関西大学の溝井裕一准教授は「メルヒェンの世界観・伝説の世界観 ―変身譚を中心に―」と題し、“変身”という事象をテーマにグリム童話と世界各地に伝わる伝説の共通点・相違点を読み解いた。「メルヒェン」は物語的で場所や時代が特定されないのに対し、「伝説」(グリム兄弟はメルヒェンだけでなく伝説も収集していた)では場所や時代がある程度特定されるのだという。動物や物への変身は、メルヒェンより伝説の方がより宗教性を帯びていることなどが説かれた。

また、武庫川女子大学の野口芳子教授は「明治期における『グリム童話』の翻訳と受容」をテーマに、明治時代に日本へ伝わったグリム童話が、最初はドイツ語から日本語へと直接翻訳されたのではなく、グリム童話の英語訳から和訳されたのだということが述べられた。当時の英国ビクトリア王朝では検閲もあったため、英訳の段階でグリム童話の細部が、「金」が「銀」へなどと、書き換えられていたのだという。文化的政治的事情と翻訳とのかかわりが、言語の細部に焦点を当てて解説された。

奈良教育大学名誉教授である竹原威滋氏は「『グリム童話』と比較民話学」と題してグリム童話と日本を含めた世界各国の民話・童話を比較し、それらの国境や時代を超越した共通点に言及。グリム童話の誕生により、ヨーロッパ各地で伝承文学の収集が盛んになり、その結果、いろいろな地域で似たような話が残っていることがわかった。
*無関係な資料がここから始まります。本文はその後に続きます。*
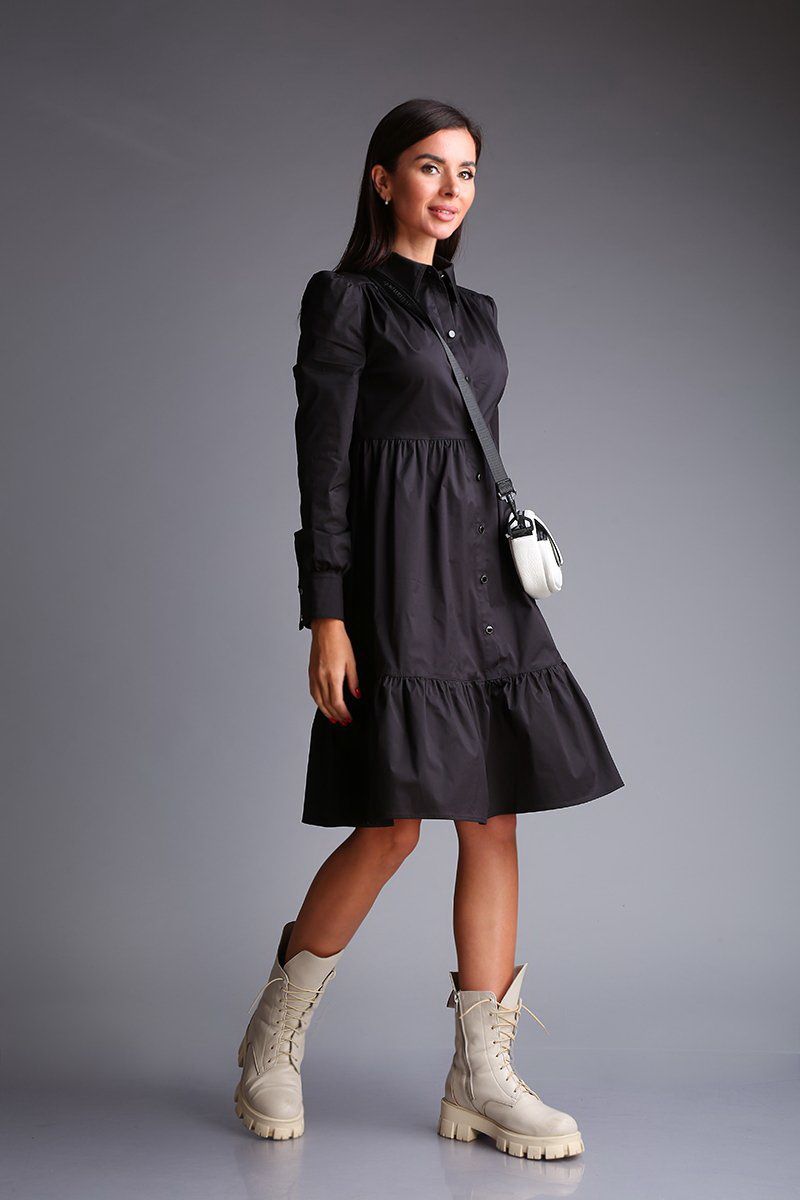 Платье Andrea Fashion AF-103 черный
それを分類し分析したことが、比較民話学の始まりであったとともに、柳田國男もグリム兄弟の民話収集の影響を受けていたことなどが説かれた。
「グリム童話をきっかけに世界の民話に親しんで欲しい。そして、そこにある楽しさや教訓、先人の抱いた平和への思いに子どもたちだけでなく多くの方々に触れて欲しい」という結びの言葉に、未来へつながるグリム童話のあり方の一つが提示されたようである。

 

シンポジウム終了後は質疑応答へと移り、会場からはグリム兄弟の歩んだ人生や童話作家であるデンマークのアンゼルセンとの関係についてなど多くの質問が寄せられた。

当日は、井上円了記念博物館にて行われていたグリム兄弟の足跡をたどるグリム兄弟博物館ミニ・コレクションでは、グリム童話のセレクト版である「小さな版」の1825年の初版本やユーゲントシュティール期の挿絵など貴重なコレクションが展示され、多くのシンポジウム来場者が足を運び、大きな盛り上がりを見せた。